Hi all! I’m from the Braid group (braid dot org), and was part of the “Faster CRDTs” project with josephg mentioned above.
I’m pleased to meet you guys! We work on making state synchronization interoperable, by connecting with other projects and generalizing our approaches into common protocols.
Noel showed me a demo of this system in the SolidOS meeting this morning. It’s sweet! I have a suggestion on the architecture.
I’m seeing the following stack of abstractions:
State (of the recipe) <-
------------------------------ \
CRDT history + metastate |
------------------------------ notifications
RDF ^
------------------------------ /
HTTP (state transfer protocol) --
There’s a deep mismatch here inherited from HTTP. HTTP is a state transfer protocol (consider that REST stands for REpresentational State Transfer), but we are trying to do state synchronization over it. So we end up expressing the CRDT history itself as state, on top of RDF, and then each client computes its current state from that RDF state.
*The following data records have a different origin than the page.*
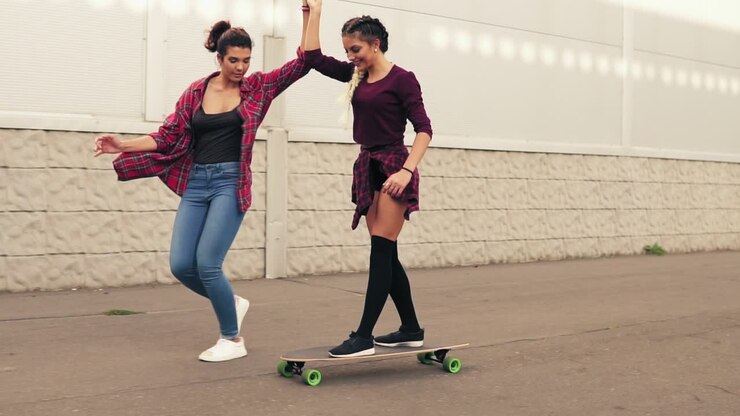 Laughing young hipster girl being taught skateboarding by a friend who is supporting her holding her hand. Slow Motion shot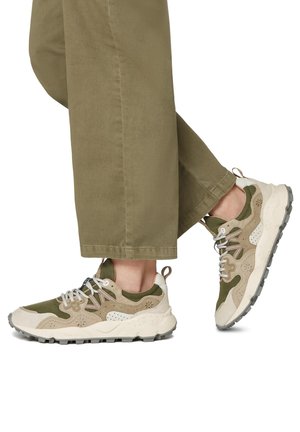 Grønne og beige sneakers med et struktureret design, der har snørebånd, en polstret sål og en løkke ved hælen.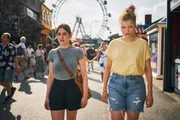 Norah (Deleila Piasko, vorne l.) besucht mit ihrer Nachbarin und Freundin Theresa (Luisa-C&eacute;line Gaffron, vorne r.) den Prater: Hier soll sie laut der Prophezeiung am 13. August Arthur Grimm t&ouml;ten.
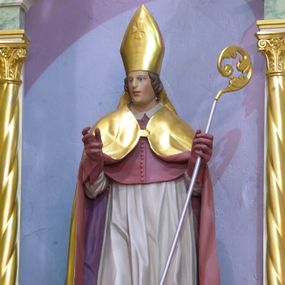 Zdjęcie nr 1: Rzeźba pełnoplastyczna, polichromowana, ustawiona na niewielkiej, prostopadłościennej podstawie. Święty ukazany całopostaciowo, frontalnie, w lekkim kontrapoście, z głową zwróconą w prawo oraz obiema rękami ugiętymi w łokciu i wyciągniętymi przed siebie. W lewym ręku trzyma złocony pastorał z akantową krzywaśnią i srebrzonym drzewcem. Święty przedstawiony jako młody mężczyzna o lekko falowanych, ciemnych włosach i twarzy pozbawionej zarostu. Twarz szczupła, owalna z niewielkim, prostym nosem oraz małych, nieznacznie rozchylonych ustach i zarumienionych policzkach. Postać ubrana w szaty biskupie: ciemnoczerwoną sutannę, białą komżę wykończoną koronką, ciemnoczerwony mucet oraz złocony, obszerny płaszcz z czerwoną podszewką, spięty pod szyją. Na głowie złocona infuła biskupia dekorowana równoramiennym krzyżem. Na rękach ciemnoczerwone rękawiczki.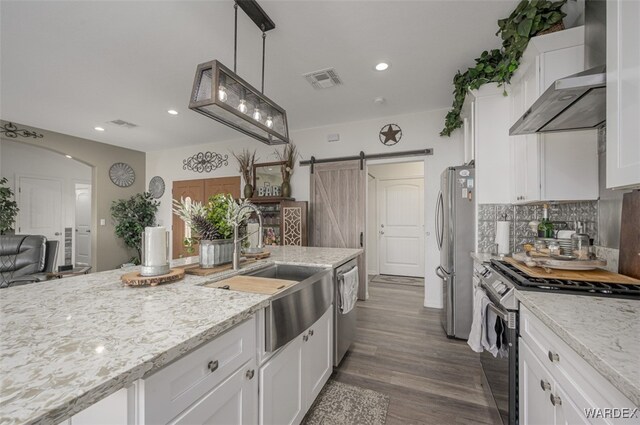 kitchen featuring stainless steel appliances, white cabinetry, and wall chimney range hood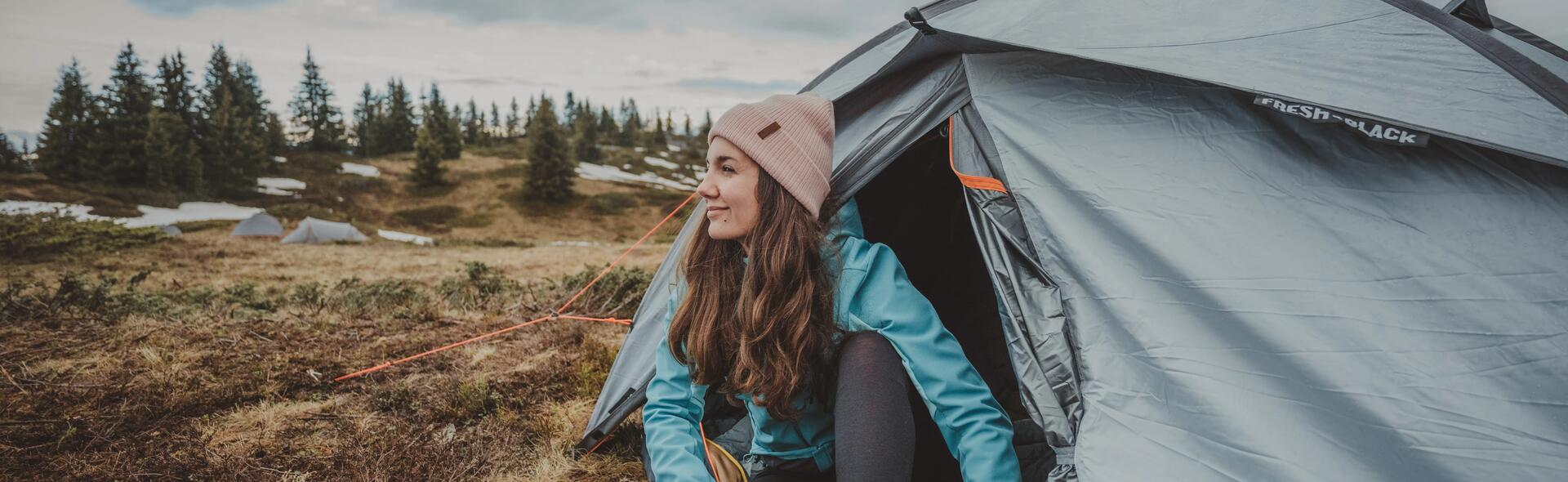 kobieta w kurtce softshell siedząca przy namiocie w górach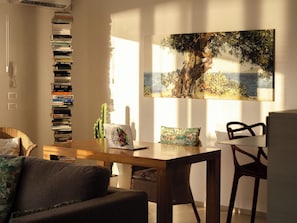 A cozy living room with a bookshelf, a cactus, a laptop, a dining table, and a painting of a tree by a sea.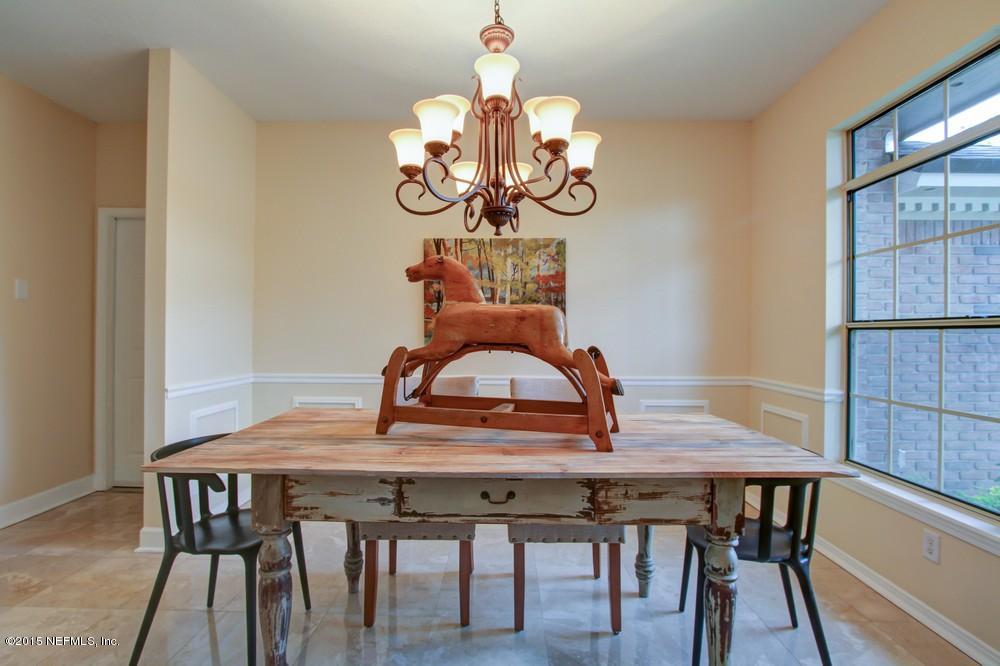 3038 Nautilus Road Middleburg, FL 32068 - Photo 38 of 45 a view of a dining room with furniture window and wooden floor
We have recursive state, with state computed from state, and state at both the top and bottom of the stack.
Moreover, since HTTP itself doesn’t provide any subscription notification system, we have to use out-of-band solid notifications, which tell the client to re-fetch the state using the HTTP state transfer protocol. This requires extra roundtrips, and ends up more convoluted and messy than if we solve state synchronization in HTTP directly.
If we add CRDT+Notifications into HTTP directly, we can simplify the architecture quite a bit:
State of the recipe
------------------------
RDF
------------------------
HTTP with CRDT history + Notifications (state sync protocol)
This reduces round trips, simplifies the stack, and also makes it more general, because the synchronization features (versioning, subscriptions, patches, and CRDT/OT semantics) can interoperate beyond Solid, and work for any content-type
, not just RDF.
We’re extending HTTP in this way with the Braid-HTTP protocol. I think we could add some powerful features to Solid with Braid-HTTP, and do it in a general way that interoperates with other systems too. Solid is uniquely poised to benefit from this work, because it’s built on top of HTTP, and also seeks interoperable standardized solutions. I think our projects are very complementary.